### Dataset
____
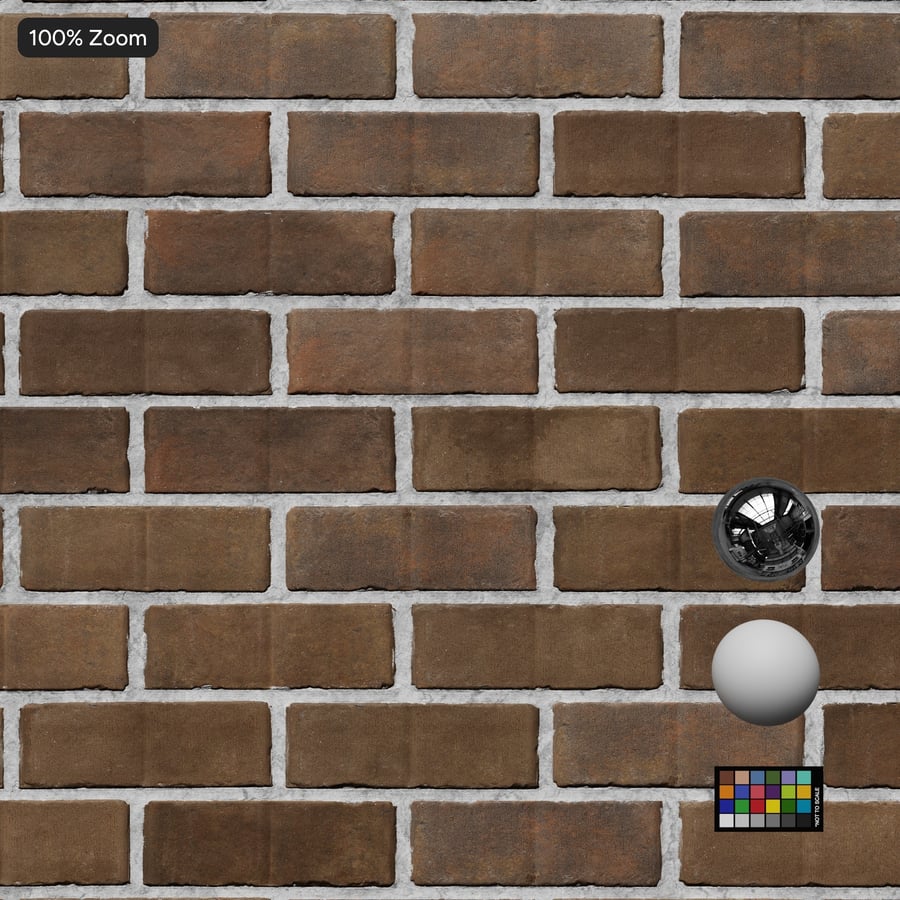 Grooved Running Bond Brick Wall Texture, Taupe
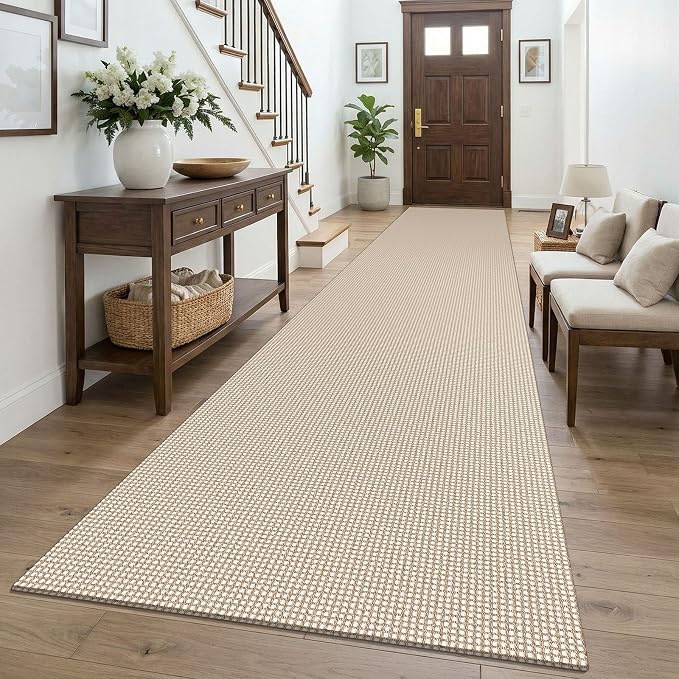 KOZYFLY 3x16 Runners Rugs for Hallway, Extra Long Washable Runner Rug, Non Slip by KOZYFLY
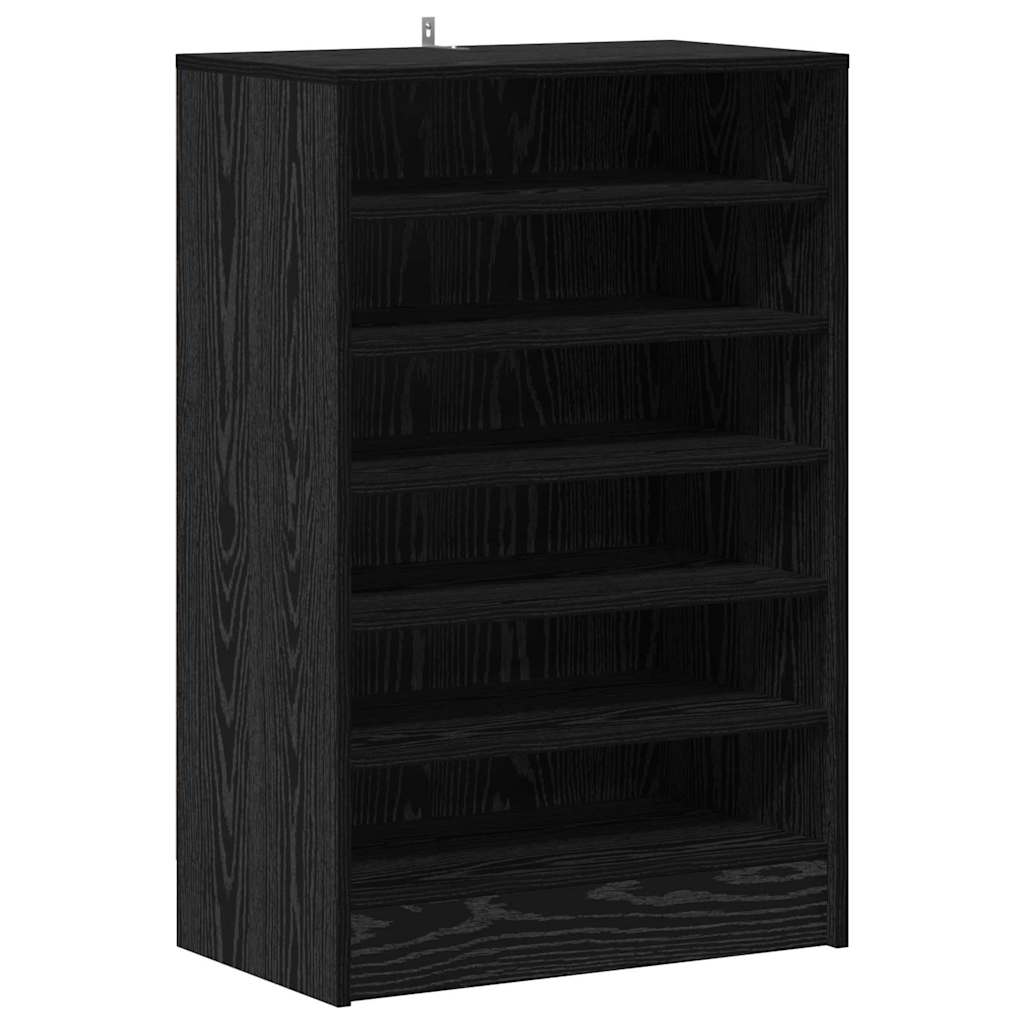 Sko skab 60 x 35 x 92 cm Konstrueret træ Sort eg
____
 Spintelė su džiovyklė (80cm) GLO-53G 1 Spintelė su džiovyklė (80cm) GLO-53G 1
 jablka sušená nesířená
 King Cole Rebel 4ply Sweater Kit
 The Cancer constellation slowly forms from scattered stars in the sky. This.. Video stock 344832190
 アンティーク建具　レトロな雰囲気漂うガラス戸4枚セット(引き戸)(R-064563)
____
### Task directions
Working from the records above, set down word for word everything from the line containing "Grooved Running Bond" down to the line containing "Sko skab 60", ends included, minus the pictures.

### Solution to this exercise
 Grooved Running Bond Brick Wall Texture, Taupe
 KOZYFLY 3x16 Runners Rugs for Hallway, Extra Long Washable Runner Rug, Non Slip by KOZYFLY
 Sko skab 60 x 35 x 92 cm Konstrueret træ Sort eg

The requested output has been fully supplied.